В 1886 г. А.Н. Корф представил на высочайшее рассмотрение свое мнение о значении для дальневосточных областей железной дороги, за которым последовал его отзыв о неотложности постройки рельсового пути для обеспечения обороны Владивостока и Южно-Уссурийского края. Внимание со стороны самого императора Александра III ускорило решение вопроса. Уже в 1887 г. Министерством путей сообщения были организованы предварительные железнодорожные изыскания в Сибири, а в феврале 1891 г. правительство приняло окончательное решение о постройке рельсового пути в Сибири. Строительство предполагалось осуществлять одновременно в двух направлениях: от Владивостока должно было начаться сооружение Уссурийской дороги как исходного звена Сибирской дороги, а от Челябинска – проведение железной дороги вглубь Сибири4.
Закладка железной дороги стала поворотным пунктом в истории края, так как с ней связывались большие надежды не только на заселение и развитие края, но и на упрочение положения России на берегах Тихого океана. На первом этапе железнодорожного строительства в крае предусматривалось строительство Уссурийской дороги. Южно-Уссурийская линия длиной в 378 верст начиналась в г. Владивостоке, а Северно-Уссурийская, длиной в 340 верст – в Хабаровске,.
Строительство Южно-Уссурийского участка было завершено в 1891 г., хотя начало оказывать положительное влияние на рост населения в крае еще в процессе строительства. Сооружение Уссурийской железной дороги не только открыло доступ к местностям, ранее недоступным и способствовало общему оживлению и развитию края, но и увеличило приток населения в край. На линии дороги образовался новый город – Никольск-Уссурийский, в котором числилось к началу 1900 г. более 10 тыс. жителей 5.
В программе по обустройству края А.Н. Корф также подчеркивал важность строительства железной дороги в Забайкальской области между Сретенском и Байкалом (работы по сооружению дороги начались позже, в 1897 г.), которая могла бы принести неоценимую пользу для края не только в экономическом и торговом отношении, но и в военно-стратегическом: ускорив на 20 дней подвоз резервов и припасов к Амуру и Уссурийскому краю6.
Кроме того, существовала и требовала срочного решения проблема транспортных коммуникаций внутри региона, которая заключалась в том, что связь между отдельными населенными пунктами иногда попросту отсутствовала.

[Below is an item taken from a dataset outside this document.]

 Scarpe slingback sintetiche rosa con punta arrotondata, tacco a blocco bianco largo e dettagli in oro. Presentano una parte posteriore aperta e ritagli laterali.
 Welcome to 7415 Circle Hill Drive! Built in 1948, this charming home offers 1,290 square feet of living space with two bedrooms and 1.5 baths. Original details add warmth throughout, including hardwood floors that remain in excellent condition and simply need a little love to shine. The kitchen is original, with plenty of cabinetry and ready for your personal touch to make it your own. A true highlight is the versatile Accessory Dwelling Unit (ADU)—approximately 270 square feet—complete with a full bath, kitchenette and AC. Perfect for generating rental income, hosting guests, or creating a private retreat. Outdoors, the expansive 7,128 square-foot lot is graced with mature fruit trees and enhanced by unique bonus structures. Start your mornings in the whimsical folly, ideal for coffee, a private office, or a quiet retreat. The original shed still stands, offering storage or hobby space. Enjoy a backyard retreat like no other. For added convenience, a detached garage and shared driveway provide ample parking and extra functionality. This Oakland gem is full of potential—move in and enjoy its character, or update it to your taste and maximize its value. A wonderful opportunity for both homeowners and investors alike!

Генерал-губернатор обозначил данную проблему как второстепенную, запланировав ее решение после сооружения «главного пути» в крае и предложив дать «делу постепенный ход, возложив исполнение его на обязанность местных жителей». Тем не менее, в ходе строительства железной дороги на Дальнем Востоке выяснилось, что устройство на Дальнем Востоке таких сложных и современных видов транспорта, как железнодорожный, затруднялось как раз отсталостью местной транспортной инфраструктуры. В числе других причин указывались нехватка рабочих рук, недостаток финансирования и сложные природные условия7.

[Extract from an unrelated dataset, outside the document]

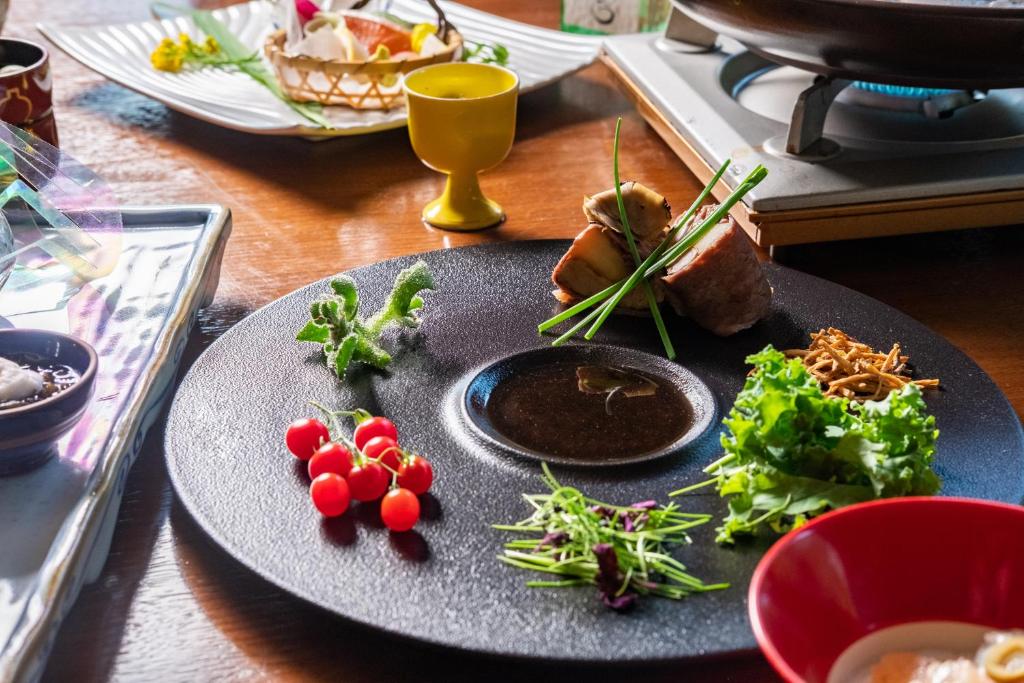 un plato de comida con verduras en una mesa en Hakuunsou, en Yugawara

Тем не менее, процесс железнодорожного строительства уже был запущен и постепенно, но неуклонно приводил к изменениям во всех сферах жизни края.
Приамурский генерал-губернатор С.М. Духовской отмечал, что «переселение русских людей в Приамурье идет уже прочным путем» и будет продолжать расширяться, а по мере постройки железной дороги и ускоряться8 . В своем всеподданнейшем отчете за 1896 – 1897 гг. генерал-губернатор указывал, что уже начальные этапы железнодорожного строительства оживили край. Население Хабаровска за пять лет увеличилось почти в 3 раза, а в его окрестностях, бывших до 1893 г. совершенно пустынными, появилось пять населенных пунктов. Вдоль линии Северно-Уссурийского участка дороги образовывались новые крестьянские и казачьи поселки и увеличивалось население уже существующих населенных пунктов, расположенных по правому берегу р. Уссури9.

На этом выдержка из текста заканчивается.